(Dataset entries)
((
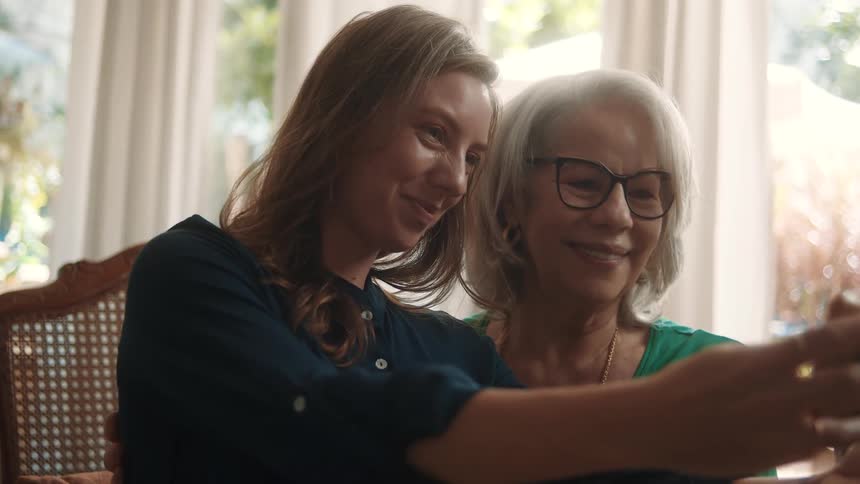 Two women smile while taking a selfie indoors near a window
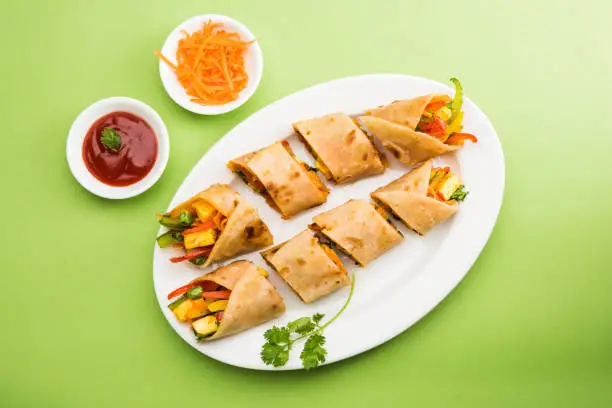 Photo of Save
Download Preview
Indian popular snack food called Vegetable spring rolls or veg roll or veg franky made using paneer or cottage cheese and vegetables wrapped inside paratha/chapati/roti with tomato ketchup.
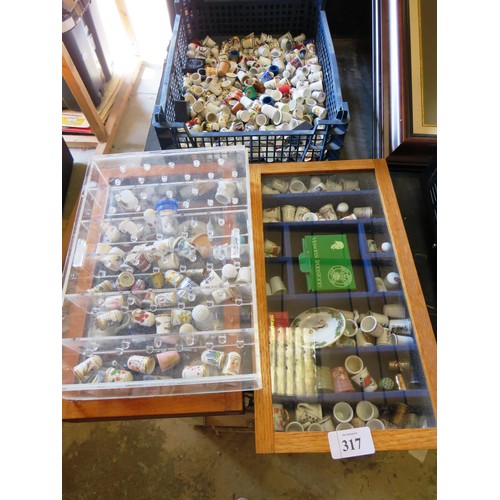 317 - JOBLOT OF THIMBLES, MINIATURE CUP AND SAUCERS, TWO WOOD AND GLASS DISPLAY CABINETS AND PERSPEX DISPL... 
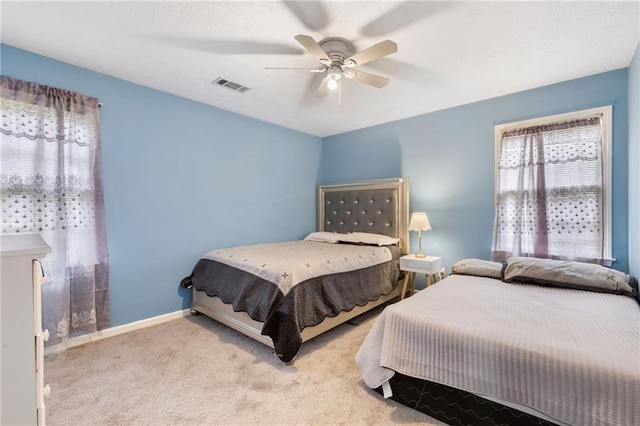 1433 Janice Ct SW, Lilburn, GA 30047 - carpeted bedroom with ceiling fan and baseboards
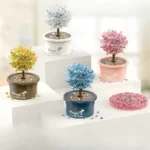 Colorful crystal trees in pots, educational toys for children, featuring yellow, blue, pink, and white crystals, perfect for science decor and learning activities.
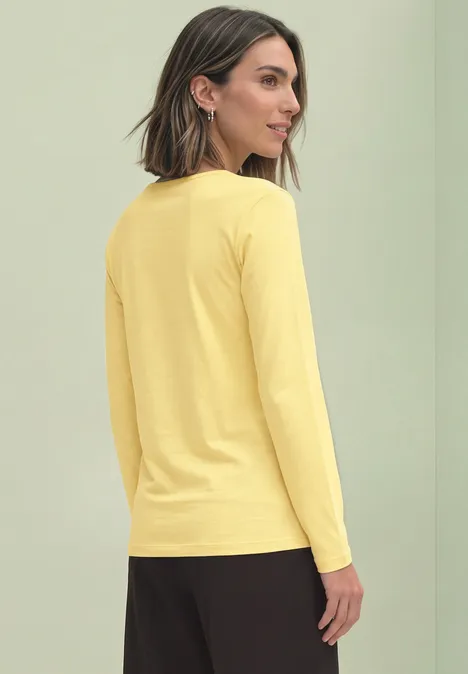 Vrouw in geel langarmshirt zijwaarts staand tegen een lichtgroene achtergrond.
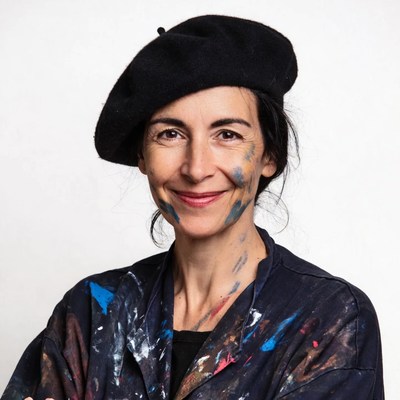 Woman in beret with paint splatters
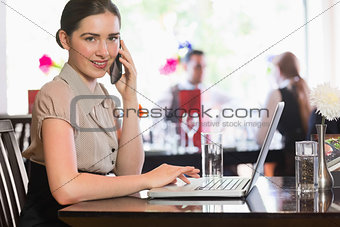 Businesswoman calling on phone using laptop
))
_What needs to be done_.
The response should repeat each record precisely and contain no pictures.

_Solution below_.
 Two women smile while taking a selfie indoors near a window
 Photo of Save
Download Preview
Indian popular snack food called Vegetable spring rolls or veg roll or veg franky made using paneer or cottage cheese and vegetables wrapped inside paratha/chapati/roti with tomato ketchup.
 317 - JOBLOT OF THIMBLES, MINIATURE CUP AND SAUCERS, TWO WOOD AND GLASS DISPLAY CABINETS AND PERSPEX DISPL... 
 1433 Janice Ct SW, Lilburn, GA 30047 - carpeted bedroom with ceiling fan and baseboards
 Colorful crystal trees in pots, educational toys for children, featuring yellow, blue, pink, and white crystals, perfect for science decor and learning activities.
 Vrouw in geel langarmshirt zijwaarts staand tegen een lichtgroene achtergrond.
 Woman in beret with paint splatters
 Businesswoman calling on phone using laptop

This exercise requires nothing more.